Model Selection Guide

This section is for customers using Ollama as a managed component inside Shakudo. Start from the Shakudo platform instead of installing or exposing Ollama manually.

1. Access the component in Shakudo

  • Sign in to your Shakudo workspace with your organization-approved account.
  • Open the workspace or environment where this component is enabled.
  • Go to the Applications or component catalog area and select Ollama.
  • If you cannot see the component, ask your workspace administrator to confirm that it is enabled for your role and environment.

2. Open the component UI

  • Use the Shakudo-provided Open, Launch, or Access action for Ollama.
  • Let Shakudo handle authentication, networking, and workspace routing. Avoid using internal service URLs unless your administrator explicitly provides them.
  • Confirm that the component opens in the expected workspace before creating or changing resources.
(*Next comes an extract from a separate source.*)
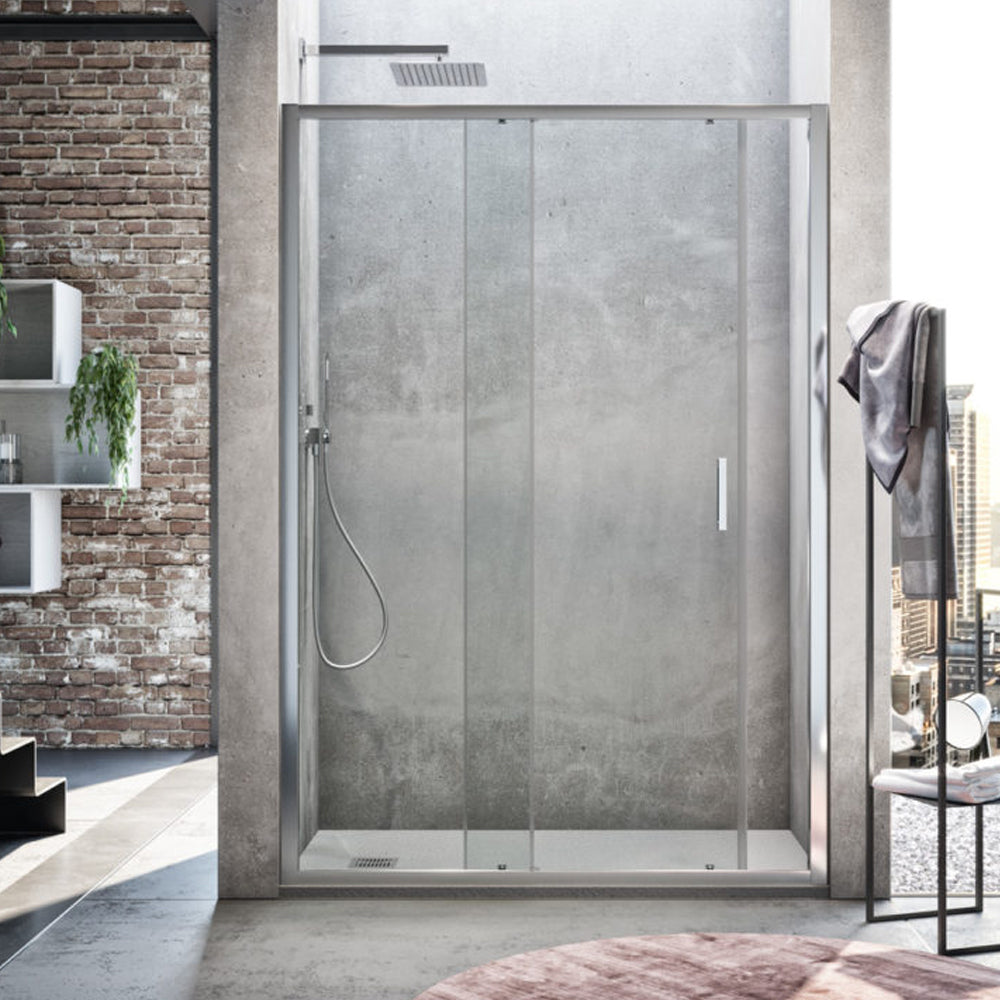 Porta doccia scorrevole da 132 cm modello Dioniso in cristallo trasparente 6 mm reversibile
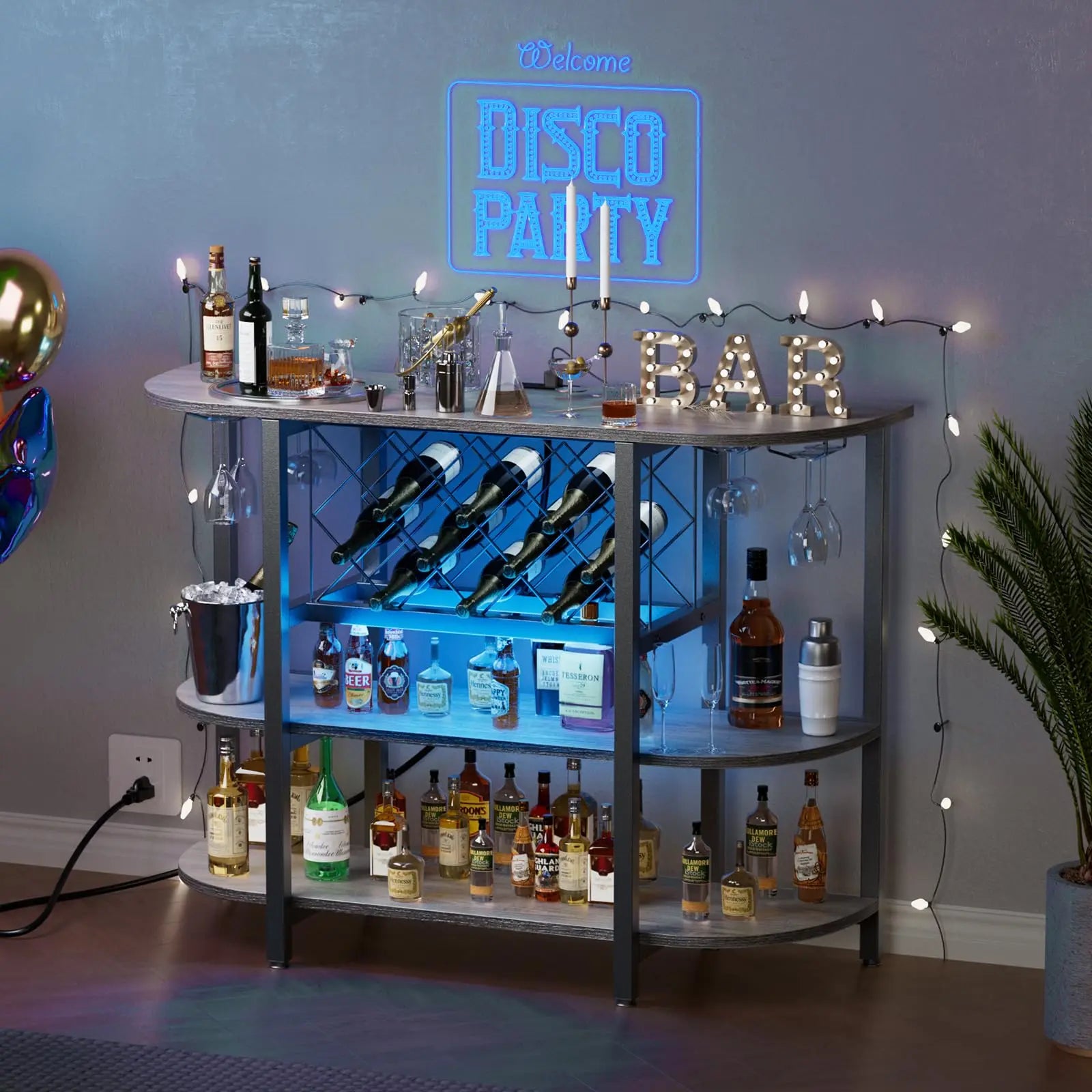 LED Bar Cabinet with Storage, Charging Station & Wine Rack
3. Complete a first safe use case

Open the Ollama endpoint or UI exposed through Shakudo and run a small model test, such as a short completion or embedding request, using the model that your workspace administrator has enabled.

  • Use a small non-production example first, especially when testing credentials, scans, model calls, or data connections.
  • Name the test clearly so other workspace users can recognize it as a first-run validation.

4. Monitor and validate the result

  • Check the component UI for run status, logs, traces, scan results, job history, or project activity, depending on the component.
  • Return to Shakudo if you need platform-level status, access control changes, or administrator support.
  • Record any errors, missing permissions, or unexpected results before retrying with production workloads.

5. Next steps

  • Review the use cases, administration, and troubleshooting pages in this knowledge base for deeper examples.
  • For production usage, follow your team’s Shakudo workspace policies for credentials, data access, resource limits, and approvals.

Ollama Administration & Best Practices

Model Management

Pulling Models

Models can be pulled manually or automatically:

Manual pull (recommended for production):

kubectl exec -n hyperplane-ollama <pod-name> -- ollama pull llama3.1

Auto-pull via Helm values:

ollama:
 models:
   pull:
     - llama3.1
     - mistral

Tip: In production, prefer manual pulls. Auto-pull runs on every pod start, which slows startup and can cause failures if the registry is unreachable.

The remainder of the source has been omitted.